甲斐家は、越前国と遠江国のNo.2として君臨していた一族。
しかし応仁の乱によってNo.3の朝倉家に取って代わられ、越前国では力を失っていました。
そのため、朝倉家を恨んでいた甲斐家は
加賀国を支配している本願寺門徒と協力して越前国を取り返そう
と考え、門徒の力を借りて越前国へと攻めていくことになりました。
これに対する朝倉家は、当主の朝倉貞景を総大将として迎撃をします。
そして両軍は衝突し、結果は朝倉家の勝利。門徒は加賀国へと退却していきました。
朝倉家一門が一向宗と組む
2つ目の戦いは、朝倉元景と組んだ本願寺門徒によって起こりました。
元景は、朝倉家の一族で貞景の叔父。
しかし母親の身分が下だったので、後に生まれた由緒正しい血筋の弟よりも下に見られていました。

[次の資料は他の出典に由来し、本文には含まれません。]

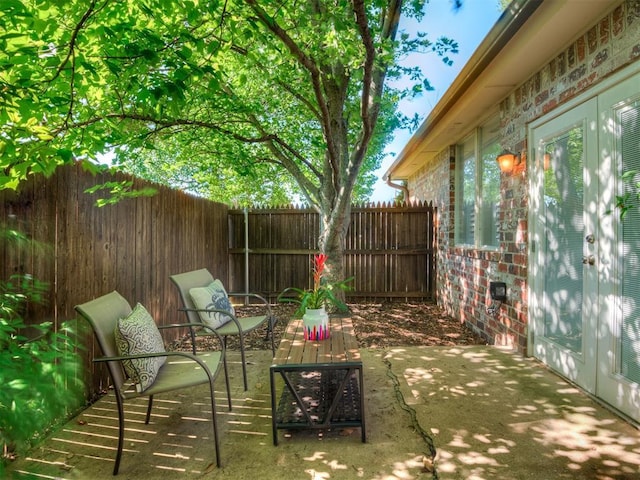 3605 Abbotsford, Norman, OK 73072 - view of patio / terrace featuring a fenced backyard and french doors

日頃から良い扱いを受けていなかった元景は、ついに不満が爆発。
弟の教景を殺してしまいます。
そのため元景は越前国を逃げていきました。
その後は弟の朝倉宗滴と協力して、貞景を暗殺する計画を立てます。
しかしその宗滴が裏切り、貞景に密告。
計画がバレた元景は加賀国へ入国し、門徒の力を借りて貞景に決戦を挑みます。
しかし、またも貞景の勝利。元景は能登国へ逃げ、そこで病死してしまいました。
北陸の門徒を結集
こうして2度の戦いに勝利した朝倉家でしたが、まだまだ安心はできませんでした。
加賀国、能登国、越中国の門徒が結集して、朝倉家に再び侵攻を始めたのです。
門徒の合計は、約300000。さすがにこの量は多すぎなので嘘だとは思いますが、それくらい多かったということでしょう。

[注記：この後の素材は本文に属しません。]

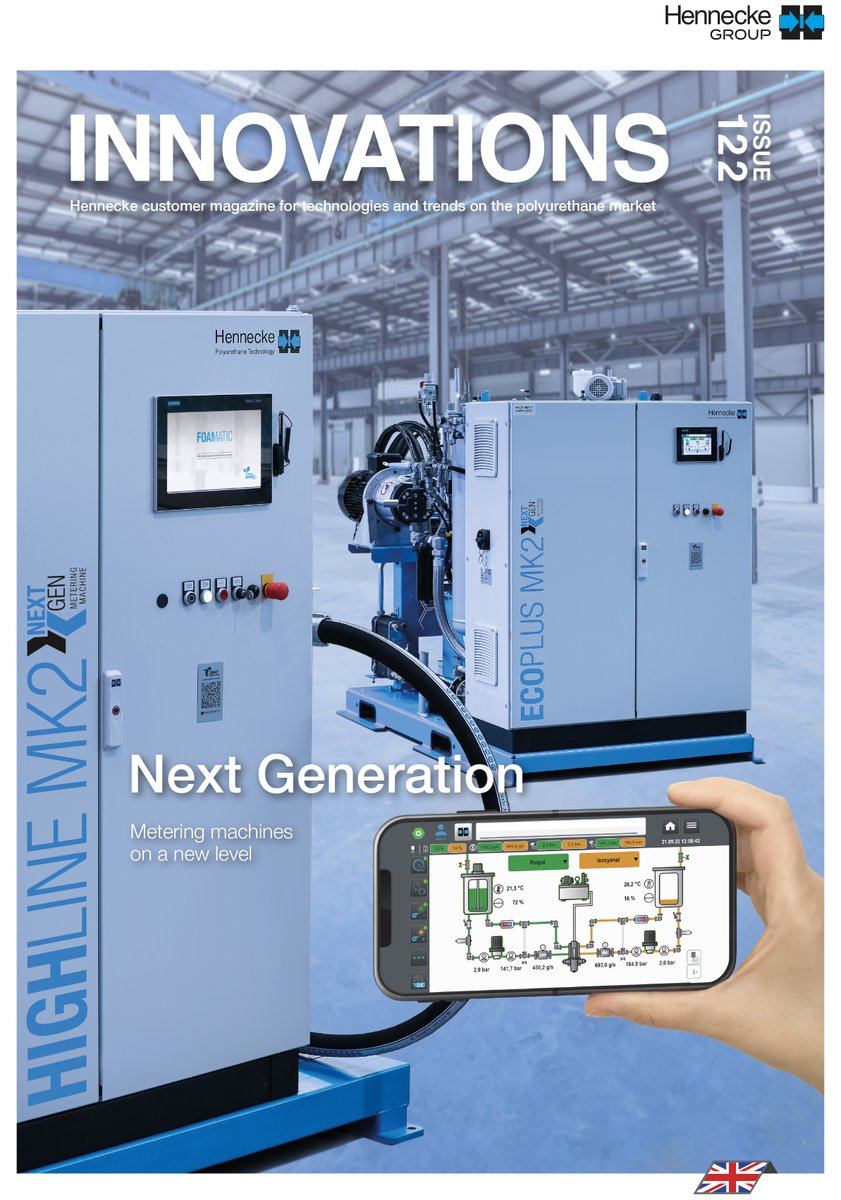 The latest issue of our customer magazine INNOVATIONS is now available on the web. Learn more about our brand new NEXT-GEN metering machines, sustainability in the PU industry and innovative customer projects.

You can find the complete magazine at: innovations.hennecke-group.com/en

対して宗滴を対象とした朝倉軍は10000(8000~16000)。圧倒的な兵力差でした。
九頭竜川の戦い
九頭竜川を挟んで布陣
門徒を待ち受ける宗滴は、九頭竜川の中の郷という場所に本陣を置きます。
その後越前国に着いた門徒も、宗滴と九頭竜川を挟んで布陣をしました。
川を渡っての激戦
布陣を終えた両軍は、しばらくの間睨み合いをしていましたが、ついに戦いが始まります。

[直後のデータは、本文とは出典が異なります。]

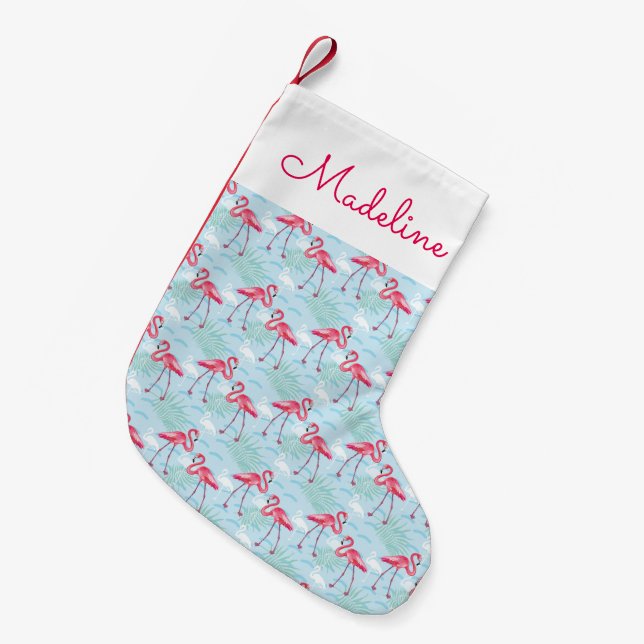 Flamingo Pattern | Add Your Name Small Christmas Stocking (Front (Hanging))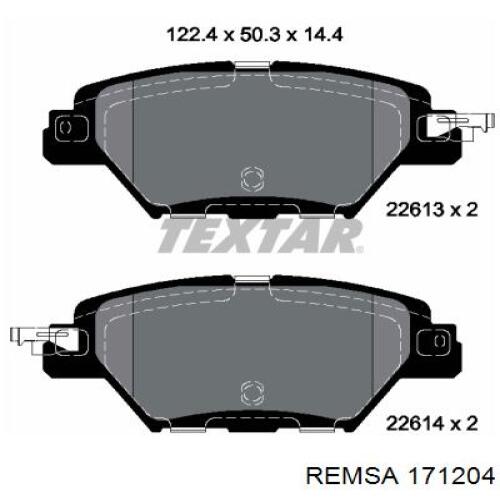 Задні гальмівні колодки Remsa 171204 ціна, від 27.75 USD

一揆勢が九頭竜川を渡り、朝倉軍が待ち受ける形で激戦が始まりましたが、一揆勢の武将が次々と討たれていったので、朝倉軍がだんだん有利になっていきました。
宗滴と貞景、意見の一致
朝倉軍が有利に戦いを進めていることを知った宗滴は
夜中の間にこちらも川を渡って、相手に奇襲をかけよう
と考えますが、敵軍は自軍の何倍何十倍もいるので、宗滴は奇襲をしても成功するのか不安でした。
そこに、貞景から
敵軍に奇襲をかけよう
との指示が下ります。
この意見の一致によって宗滴は自信を持ち、夜襲を仕掛けることになります。
川を渡って夜襲
こうして宗滴の指揮の元、川を渡っての夜襲が始まりました。
油断していた一揆勢は、奇襲をかけられたことを知ると、大慌て。
まともに戦うこともできず、門徒は次々と討たれていきます。
この夜襲が成功したことによって、朝倉軍の勝利は確実になっていったのです。
一揆勢の総崩れ
次々と兵が討たれていった一揆勢は、攻撃をやめて退却を始めることになります。
また、逃げる途中で川溺れる兵も多くいたそうです。
こうして一揆勢は九頭竜川から撤退、この九頭竜川の戦いは朝倉軍の勝利で終わりました。
その後
その後、九頭竜川の戦いで勢いづいた朝倉軍は、一向宗を布教する拠点の吉崎御坊を壊し、門徒は越前国への足がかりを完全に失ってしまいました。
まとめ
- 加賀一向一揆を成功させた門徒が越前国に侵攻し、九頭竜川の戦いが起こった
- 朝倉宗滴の奇襲によって九頭竜川の戦いは朝倉軍が勝利した
- その後、朝倉軍は布教拠点の吉崎御坊を破壊した
最後まで読んでいただきありがとうございました。